### Scraped caption text data
_ _ _ _ _
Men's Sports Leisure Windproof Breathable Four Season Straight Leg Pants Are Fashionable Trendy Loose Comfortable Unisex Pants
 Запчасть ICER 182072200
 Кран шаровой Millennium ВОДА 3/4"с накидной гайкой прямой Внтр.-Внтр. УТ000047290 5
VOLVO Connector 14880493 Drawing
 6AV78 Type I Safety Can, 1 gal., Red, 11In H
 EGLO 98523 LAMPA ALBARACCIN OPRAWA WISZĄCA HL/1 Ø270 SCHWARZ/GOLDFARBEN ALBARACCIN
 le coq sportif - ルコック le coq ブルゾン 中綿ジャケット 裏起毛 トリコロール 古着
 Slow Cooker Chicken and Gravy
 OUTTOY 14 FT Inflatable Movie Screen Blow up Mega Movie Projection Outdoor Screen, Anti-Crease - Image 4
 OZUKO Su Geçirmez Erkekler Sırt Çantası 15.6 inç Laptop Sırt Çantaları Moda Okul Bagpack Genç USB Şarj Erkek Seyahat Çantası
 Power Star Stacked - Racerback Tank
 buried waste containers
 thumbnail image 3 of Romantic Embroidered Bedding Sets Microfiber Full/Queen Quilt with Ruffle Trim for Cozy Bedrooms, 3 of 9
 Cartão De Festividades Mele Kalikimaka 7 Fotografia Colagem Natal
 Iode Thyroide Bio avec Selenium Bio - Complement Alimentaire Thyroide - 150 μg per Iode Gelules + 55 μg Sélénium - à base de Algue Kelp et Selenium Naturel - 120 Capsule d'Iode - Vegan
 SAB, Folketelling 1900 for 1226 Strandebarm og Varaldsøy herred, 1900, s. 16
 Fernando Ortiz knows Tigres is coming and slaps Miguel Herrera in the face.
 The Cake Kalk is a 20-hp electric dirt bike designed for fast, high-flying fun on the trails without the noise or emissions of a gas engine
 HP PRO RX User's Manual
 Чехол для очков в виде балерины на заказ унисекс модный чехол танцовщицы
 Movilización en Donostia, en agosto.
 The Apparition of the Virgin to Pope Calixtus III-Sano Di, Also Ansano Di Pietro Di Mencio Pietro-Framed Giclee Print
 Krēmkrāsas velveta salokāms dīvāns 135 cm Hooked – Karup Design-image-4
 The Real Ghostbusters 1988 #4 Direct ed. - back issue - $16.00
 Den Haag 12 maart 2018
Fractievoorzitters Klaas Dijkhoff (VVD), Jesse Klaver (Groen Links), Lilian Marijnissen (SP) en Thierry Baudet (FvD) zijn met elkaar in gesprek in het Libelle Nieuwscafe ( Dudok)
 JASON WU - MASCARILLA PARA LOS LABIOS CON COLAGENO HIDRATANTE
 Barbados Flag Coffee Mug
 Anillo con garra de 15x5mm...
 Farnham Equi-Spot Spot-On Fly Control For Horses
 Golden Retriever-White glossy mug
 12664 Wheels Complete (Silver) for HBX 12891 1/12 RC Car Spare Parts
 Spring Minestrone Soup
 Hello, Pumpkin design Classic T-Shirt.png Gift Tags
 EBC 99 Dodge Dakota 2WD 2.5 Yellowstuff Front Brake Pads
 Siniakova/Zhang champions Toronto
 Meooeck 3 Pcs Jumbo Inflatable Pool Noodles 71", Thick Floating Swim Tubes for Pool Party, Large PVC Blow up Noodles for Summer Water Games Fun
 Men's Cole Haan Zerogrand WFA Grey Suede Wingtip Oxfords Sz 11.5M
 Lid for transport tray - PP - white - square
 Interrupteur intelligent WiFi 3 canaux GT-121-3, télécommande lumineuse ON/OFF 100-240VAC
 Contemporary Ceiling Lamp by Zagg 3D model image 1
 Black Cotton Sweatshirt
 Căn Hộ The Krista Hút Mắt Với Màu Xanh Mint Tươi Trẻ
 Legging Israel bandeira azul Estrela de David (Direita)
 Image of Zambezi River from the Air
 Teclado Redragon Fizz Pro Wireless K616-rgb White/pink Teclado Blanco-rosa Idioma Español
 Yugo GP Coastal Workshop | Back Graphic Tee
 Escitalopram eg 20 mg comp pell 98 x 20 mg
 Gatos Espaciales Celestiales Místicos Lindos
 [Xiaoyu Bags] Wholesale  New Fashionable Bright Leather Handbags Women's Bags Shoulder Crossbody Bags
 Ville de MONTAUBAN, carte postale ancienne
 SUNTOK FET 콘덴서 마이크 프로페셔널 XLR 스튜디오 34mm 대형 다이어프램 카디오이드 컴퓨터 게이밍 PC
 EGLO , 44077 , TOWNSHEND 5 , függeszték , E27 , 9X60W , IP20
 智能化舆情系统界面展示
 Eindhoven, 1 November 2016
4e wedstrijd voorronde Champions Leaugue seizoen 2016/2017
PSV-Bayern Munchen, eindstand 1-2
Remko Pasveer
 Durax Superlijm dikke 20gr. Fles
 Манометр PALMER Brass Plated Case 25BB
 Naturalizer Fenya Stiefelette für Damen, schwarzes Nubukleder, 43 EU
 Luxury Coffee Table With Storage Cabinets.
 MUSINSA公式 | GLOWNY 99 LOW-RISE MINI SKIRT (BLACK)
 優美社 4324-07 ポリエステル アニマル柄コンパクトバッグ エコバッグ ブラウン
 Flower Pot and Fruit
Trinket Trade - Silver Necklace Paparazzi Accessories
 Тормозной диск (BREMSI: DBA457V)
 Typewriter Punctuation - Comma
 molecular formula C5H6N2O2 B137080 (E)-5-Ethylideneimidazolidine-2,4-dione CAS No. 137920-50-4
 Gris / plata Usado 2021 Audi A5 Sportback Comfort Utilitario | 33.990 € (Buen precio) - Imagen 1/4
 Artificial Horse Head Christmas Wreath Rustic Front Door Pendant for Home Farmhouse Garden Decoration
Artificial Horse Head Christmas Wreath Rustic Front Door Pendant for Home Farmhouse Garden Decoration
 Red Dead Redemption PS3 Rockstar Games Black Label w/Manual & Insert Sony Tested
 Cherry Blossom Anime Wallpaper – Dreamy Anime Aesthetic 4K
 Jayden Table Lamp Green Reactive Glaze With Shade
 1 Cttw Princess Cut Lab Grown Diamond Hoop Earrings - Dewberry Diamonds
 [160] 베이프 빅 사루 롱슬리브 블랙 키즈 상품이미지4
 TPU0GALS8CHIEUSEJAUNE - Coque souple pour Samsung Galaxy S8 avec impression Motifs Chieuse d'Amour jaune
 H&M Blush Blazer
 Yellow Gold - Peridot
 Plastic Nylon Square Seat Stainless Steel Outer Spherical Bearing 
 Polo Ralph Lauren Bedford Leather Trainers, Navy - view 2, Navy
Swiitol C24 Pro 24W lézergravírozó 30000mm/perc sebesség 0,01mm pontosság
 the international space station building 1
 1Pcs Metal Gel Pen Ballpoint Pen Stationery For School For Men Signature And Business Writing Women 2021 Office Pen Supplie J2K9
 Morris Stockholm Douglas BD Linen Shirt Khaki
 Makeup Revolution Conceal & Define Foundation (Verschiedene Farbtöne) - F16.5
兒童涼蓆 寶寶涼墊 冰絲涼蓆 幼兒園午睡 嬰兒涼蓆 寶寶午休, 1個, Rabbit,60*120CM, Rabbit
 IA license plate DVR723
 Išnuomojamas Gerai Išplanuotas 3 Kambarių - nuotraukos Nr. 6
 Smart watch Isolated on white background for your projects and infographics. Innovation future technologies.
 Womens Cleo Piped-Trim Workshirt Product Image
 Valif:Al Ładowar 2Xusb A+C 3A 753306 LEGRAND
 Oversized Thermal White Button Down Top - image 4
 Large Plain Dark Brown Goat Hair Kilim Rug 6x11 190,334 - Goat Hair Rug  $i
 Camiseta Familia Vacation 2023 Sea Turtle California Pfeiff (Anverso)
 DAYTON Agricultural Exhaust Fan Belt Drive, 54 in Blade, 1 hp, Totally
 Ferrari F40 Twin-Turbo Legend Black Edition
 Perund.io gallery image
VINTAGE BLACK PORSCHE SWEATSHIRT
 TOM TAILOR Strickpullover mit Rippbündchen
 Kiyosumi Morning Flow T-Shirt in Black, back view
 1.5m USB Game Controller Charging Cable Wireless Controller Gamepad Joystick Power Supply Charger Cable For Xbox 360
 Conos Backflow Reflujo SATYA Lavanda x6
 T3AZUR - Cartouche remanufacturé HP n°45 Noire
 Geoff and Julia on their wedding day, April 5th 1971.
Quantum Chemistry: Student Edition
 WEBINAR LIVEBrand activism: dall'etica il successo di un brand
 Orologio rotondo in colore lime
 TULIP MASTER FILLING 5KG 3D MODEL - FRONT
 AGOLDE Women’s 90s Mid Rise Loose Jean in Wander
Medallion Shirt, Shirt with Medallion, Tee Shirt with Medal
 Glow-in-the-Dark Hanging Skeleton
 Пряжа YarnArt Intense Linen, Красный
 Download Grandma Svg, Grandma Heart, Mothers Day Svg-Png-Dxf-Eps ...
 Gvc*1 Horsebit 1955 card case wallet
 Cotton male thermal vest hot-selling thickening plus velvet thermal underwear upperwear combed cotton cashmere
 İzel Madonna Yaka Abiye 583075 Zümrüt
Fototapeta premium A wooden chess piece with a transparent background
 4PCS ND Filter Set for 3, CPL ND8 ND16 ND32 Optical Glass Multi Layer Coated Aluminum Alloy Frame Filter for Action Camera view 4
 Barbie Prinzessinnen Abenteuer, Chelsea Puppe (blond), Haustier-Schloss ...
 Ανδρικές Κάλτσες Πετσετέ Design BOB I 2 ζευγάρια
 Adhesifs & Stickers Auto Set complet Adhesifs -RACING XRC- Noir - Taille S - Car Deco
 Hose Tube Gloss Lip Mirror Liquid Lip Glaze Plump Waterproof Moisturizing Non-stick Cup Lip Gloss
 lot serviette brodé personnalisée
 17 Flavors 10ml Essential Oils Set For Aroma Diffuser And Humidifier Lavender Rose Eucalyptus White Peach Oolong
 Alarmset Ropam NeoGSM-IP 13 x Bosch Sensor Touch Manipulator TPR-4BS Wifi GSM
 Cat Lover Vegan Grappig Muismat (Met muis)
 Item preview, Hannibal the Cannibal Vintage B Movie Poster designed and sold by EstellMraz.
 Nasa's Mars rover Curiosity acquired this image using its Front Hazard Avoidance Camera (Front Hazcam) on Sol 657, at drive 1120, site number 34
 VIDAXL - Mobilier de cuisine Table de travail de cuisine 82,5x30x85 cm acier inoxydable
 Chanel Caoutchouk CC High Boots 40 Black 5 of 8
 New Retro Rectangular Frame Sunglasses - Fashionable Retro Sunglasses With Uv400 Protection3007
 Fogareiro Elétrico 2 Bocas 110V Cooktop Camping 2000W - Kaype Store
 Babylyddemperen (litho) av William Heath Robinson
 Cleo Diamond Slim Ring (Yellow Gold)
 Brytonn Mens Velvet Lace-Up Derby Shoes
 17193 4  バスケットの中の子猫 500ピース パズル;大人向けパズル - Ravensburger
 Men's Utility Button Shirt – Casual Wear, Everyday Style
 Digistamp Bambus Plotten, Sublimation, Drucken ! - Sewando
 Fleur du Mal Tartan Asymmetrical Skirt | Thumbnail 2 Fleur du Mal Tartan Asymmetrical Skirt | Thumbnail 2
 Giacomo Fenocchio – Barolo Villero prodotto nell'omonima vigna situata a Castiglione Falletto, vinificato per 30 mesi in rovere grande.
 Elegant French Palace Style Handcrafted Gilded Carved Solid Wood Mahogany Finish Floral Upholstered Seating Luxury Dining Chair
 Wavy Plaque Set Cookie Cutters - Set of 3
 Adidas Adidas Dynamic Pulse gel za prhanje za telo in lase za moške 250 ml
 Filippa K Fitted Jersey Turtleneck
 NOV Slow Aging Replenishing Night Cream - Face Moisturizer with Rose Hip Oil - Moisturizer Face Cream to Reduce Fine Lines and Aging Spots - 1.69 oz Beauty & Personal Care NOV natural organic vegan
_ _ _ _ _
### Exercise prompt
From the records above, repeat exactly the lines from the one with "SAB, Folketelling 1900" through the one with "Lid for transport tray - PP - white - square", both included.

### Final answer
 SAB, Folketelling 1900 for 1226 Strandebarm og Varaldsøy herred, 1900, s. 16
 Fernando Ortiz knows Tigres is coming and slaps Miguel Herrera in the face.
 The Cake Kalk is a 20-hp electric dirt bike designed for fast, high-flying fun on the trails without the noise or emissions of a gas engine
 HP PRO RX User's Manual
 Чехол для очков в виде балерины на заказ унисекс модный чехол танцовщицы
 Movilización en Donostia, en agosto.
 The Apparition of the Virgin to Pope Calixtus III-Sano Di, Also Ansano Di Pietro Di Mencio Pietro-Framed Giclee Print
 Krēmkrāsas velveta salokāms dīvāns 135 cm Hooked – Karup Design-image-4
 The Real Ghostbusters 1988 #4 Direct ed. - back issue - $16.00
 Den Haag 12 maart 2018
Fractievoorzitters Klaas Dijkhoff (VVD), Jesse Klaver (Groen Links), Lilian Marijnissen (SP) en Thierry Baudet (FvD) zijn met elkaar in gesprek in het Libelle Nieuwscafe ( Dudok)
 JASON WU - MASCARILLA PARA LOS LABIOS CON COLAGENO HIDRATANTE
 Barbados Flag Coffee Mug
 Anillo con garra de 15x5mm...
 Farnham Equi-Spot Spot-On Fly Control For Horses
 Golden Retriever-White glossy mug
 12664 Wheels Complete (Silver) for HBX 12891 1/12 RC Car Spare Parts
 Spring Minestrone Soup
 Hello, Pumpkin design Classic T-Shirt.png Gift Tags
 EBC 99 Dodge Dakota 2WD 2.5 Yellowstuff Front Brake Pads
 Siniakova/Zhang champions Toronto
 Meooeck 3 Pcs Jumbo Inflatable Pool Noodles 71", Thick Floating Swim Tubes for Pool Party, Large PVC Blow up Noodles for Summer Water Games Fun
 Men's Cole Haan Zerogrand WFA Grey Suede Wingtip Oxfords Sz 11.5M
 Lid for transport tray - PP - white - square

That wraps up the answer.